Swords & Glory, Volume 2: Tékumel Player's Handbook
- Publishers: Gamescience
- Publication: 1983; 42 years ago
- Genres: Fantasy
- Systems: Basic Role-Playing

= Swords & Glory, Volume 2: Tékumel Player's Handbook =

Tabletop role-playing game supplement

Swords & Glory, Volume 2: Tékumel Player's Handbook is a 1983 fantasy tabletop role-playing game supplement published by Gamescience set in M. A. R. Barker's science fantasy world of Tékumel.

==Contents==
Swords & Glory, Volume 2: Tékumel Player's Handbook is the second part of the three releases that form the rules for Sword & Glory, and provides players with the rules to create characters.

==Reception==
In the November–December 1984 edition of Space Gamer (Issue No. 71), Frederick Paul Kiesche III and Steve Sherman commented that "The game system described in this tightly-packed, 240 page rulebook can best be described as realistic and complex. It is not suitable for the occasional player, but, rather, for those who take their roleplaying seriously. The author's respect for his audience is clear."

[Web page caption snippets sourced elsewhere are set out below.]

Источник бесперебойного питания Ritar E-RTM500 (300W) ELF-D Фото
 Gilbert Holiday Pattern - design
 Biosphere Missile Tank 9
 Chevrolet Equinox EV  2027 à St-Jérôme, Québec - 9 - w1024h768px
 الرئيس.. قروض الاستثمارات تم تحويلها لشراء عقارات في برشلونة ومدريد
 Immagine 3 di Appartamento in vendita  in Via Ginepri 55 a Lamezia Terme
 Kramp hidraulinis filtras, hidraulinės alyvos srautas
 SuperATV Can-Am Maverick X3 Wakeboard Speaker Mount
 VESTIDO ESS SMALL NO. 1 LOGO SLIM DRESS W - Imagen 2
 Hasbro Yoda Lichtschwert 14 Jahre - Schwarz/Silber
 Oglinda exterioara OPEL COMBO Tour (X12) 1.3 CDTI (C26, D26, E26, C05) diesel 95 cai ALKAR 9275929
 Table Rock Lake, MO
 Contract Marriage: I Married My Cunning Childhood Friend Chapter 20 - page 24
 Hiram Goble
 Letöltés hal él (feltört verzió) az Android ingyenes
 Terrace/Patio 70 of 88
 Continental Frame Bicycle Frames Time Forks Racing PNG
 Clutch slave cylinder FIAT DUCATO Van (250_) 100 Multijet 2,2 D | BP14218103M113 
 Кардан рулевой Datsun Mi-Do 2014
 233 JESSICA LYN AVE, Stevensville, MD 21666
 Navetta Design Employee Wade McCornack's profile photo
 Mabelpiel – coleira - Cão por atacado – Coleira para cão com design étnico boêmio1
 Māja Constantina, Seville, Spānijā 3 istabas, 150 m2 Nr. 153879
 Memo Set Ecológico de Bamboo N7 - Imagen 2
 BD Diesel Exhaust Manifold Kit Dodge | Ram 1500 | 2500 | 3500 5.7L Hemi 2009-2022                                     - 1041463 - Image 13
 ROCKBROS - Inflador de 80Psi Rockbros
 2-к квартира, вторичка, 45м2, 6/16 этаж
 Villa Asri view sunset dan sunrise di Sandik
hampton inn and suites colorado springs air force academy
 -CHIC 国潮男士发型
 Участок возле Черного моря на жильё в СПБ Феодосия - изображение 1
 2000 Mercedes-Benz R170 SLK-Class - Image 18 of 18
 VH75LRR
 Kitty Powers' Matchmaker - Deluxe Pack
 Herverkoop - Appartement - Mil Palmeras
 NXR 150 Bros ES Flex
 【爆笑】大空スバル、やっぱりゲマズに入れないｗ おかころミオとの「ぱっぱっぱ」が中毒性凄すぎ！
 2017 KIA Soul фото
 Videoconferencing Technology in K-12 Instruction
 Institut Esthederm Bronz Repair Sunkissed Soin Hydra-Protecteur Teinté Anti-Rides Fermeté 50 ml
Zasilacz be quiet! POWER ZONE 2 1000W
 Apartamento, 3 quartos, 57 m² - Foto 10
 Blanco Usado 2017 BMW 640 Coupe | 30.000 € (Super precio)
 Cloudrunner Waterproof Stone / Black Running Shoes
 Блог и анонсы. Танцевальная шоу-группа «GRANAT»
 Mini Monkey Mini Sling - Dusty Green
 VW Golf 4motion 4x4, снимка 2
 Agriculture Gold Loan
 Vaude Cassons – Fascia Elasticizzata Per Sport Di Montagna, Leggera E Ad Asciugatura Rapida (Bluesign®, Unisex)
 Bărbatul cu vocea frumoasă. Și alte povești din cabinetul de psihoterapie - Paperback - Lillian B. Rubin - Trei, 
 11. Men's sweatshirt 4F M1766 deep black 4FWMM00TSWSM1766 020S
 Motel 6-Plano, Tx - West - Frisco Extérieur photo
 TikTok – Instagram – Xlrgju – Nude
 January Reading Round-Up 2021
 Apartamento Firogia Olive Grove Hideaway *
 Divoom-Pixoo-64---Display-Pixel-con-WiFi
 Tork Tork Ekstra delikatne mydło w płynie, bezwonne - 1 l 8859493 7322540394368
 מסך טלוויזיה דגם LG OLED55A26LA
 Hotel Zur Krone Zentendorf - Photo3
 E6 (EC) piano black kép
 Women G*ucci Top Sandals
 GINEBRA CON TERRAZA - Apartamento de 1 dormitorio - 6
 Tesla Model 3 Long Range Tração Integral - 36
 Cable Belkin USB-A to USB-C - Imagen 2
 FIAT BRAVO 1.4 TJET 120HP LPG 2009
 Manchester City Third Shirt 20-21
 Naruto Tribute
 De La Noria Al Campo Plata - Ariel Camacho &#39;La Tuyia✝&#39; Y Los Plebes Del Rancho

In the January–February 1985 edition of Different Worlds (Issue #38), John Dark was not impressed with the unprofessional typesetting, calling it "pages of dense, unrelieved, small print", noting in addition that "all the accent marks were done by hand." Dark also noted the disorganization of subject matter, commenting "It is rather difficult to find a desired subject in this book, and the very nature of the book demands browsing, so it cannot be said to fulfill its function very well." He found that the rules were "quite complicated and not particularly realistic." He concluded by giving the book a poor rating of 1.5 out of 5, saying, "Swords & Glory is a classic example of wasted potential. Based on one of the greatest fantasy worlds ever dreamed up, but shackled by truly horrendous rules, it is an anomaly. [...] I cannot recommend any nonfanatic purchase these lengthy, incomplete rules."

In the May 1989 edition of Games International, Paul Mason admitted a personal bias with regards to the use of Dungeons & Dragons rules, saying "it does little to enhance the appeal of a world as rich and sophisticated as Tékumel." However, since these books do not have any role-playing rules, only campaign background, Mason found that there was "plenty to dip into." He concluded by giving this set of books an above-average rating of 4 out of 5, saying, "In a market full of hack fantasy and ersatz subcreation, it's reassuring to come across something which bears the stamp of true imagination."